Key Details: The US Attorney General rejected a plan by North Carolina for
reapportionment because it only created one black-majority district. North Carolina
then submitted a second plan featuring two black-majority districts. One of the
districts was, in parts, no wider than an interstate highway. Five concerned North
Carolina residents challenged the constitutionality of this district because of its odd
shape. They claimed that it was an example of racial gerrymandering. The residents
appealed to the Supreme Court.
Significance: The Court decided that North Carolina's reapportionment was a violation of the Equal Protection Clause of the
Fourteenth Amendment because it sought to separate voters based on race. They decided that compelling government interest
is necessary for there to be legal unbalanced racial gerrymandering.
Brown v Board of Education
Significance: The Court decided that the doctrine of "separate but equal" is
invalid, that separate but equal educational facilities for racial minorities are
inherently unequal, and that such laws providing for those facilities violate
the Equal Protection Clause of the Fourteenth Amendment. This case
outlawed race-based segregation in public schools and led to the integration
of public schools across the nation in the years to come.

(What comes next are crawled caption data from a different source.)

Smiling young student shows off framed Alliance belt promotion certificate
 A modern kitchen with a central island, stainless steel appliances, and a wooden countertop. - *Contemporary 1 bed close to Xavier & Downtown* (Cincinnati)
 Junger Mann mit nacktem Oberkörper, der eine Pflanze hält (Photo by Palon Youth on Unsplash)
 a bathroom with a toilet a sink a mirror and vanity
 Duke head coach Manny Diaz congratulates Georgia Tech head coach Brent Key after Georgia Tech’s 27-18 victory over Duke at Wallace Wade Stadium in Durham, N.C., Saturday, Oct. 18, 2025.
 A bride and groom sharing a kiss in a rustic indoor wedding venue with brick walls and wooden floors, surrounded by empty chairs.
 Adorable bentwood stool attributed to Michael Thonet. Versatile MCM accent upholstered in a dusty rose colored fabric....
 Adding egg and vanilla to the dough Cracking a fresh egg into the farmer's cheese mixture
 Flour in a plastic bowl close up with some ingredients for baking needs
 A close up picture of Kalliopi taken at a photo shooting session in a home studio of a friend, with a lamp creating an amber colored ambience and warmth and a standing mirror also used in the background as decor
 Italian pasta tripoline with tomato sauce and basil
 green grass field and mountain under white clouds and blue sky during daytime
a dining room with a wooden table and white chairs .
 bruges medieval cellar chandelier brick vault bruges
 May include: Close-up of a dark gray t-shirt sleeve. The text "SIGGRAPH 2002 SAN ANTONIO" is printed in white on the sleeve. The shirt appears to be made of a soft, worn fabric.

Key Details: This case was a consolidation of several cases in South
Carolina, Kansas, and Washington D.C. having to do with the
segregation of public schools on the basis of race. In every case,
African-American students had been denied entrance to public
schools as a result of laws that allowed public education to be
separated by race. The plaintiffs argued that such segregation
violated the Equal Protection Clause of the Fourteenth
Amendment. For a long time, the previous Supreme Court case
"Plessy v Ferguson" had denied plaintiffs relief in the lower courts
based on the notion of "separate but equal."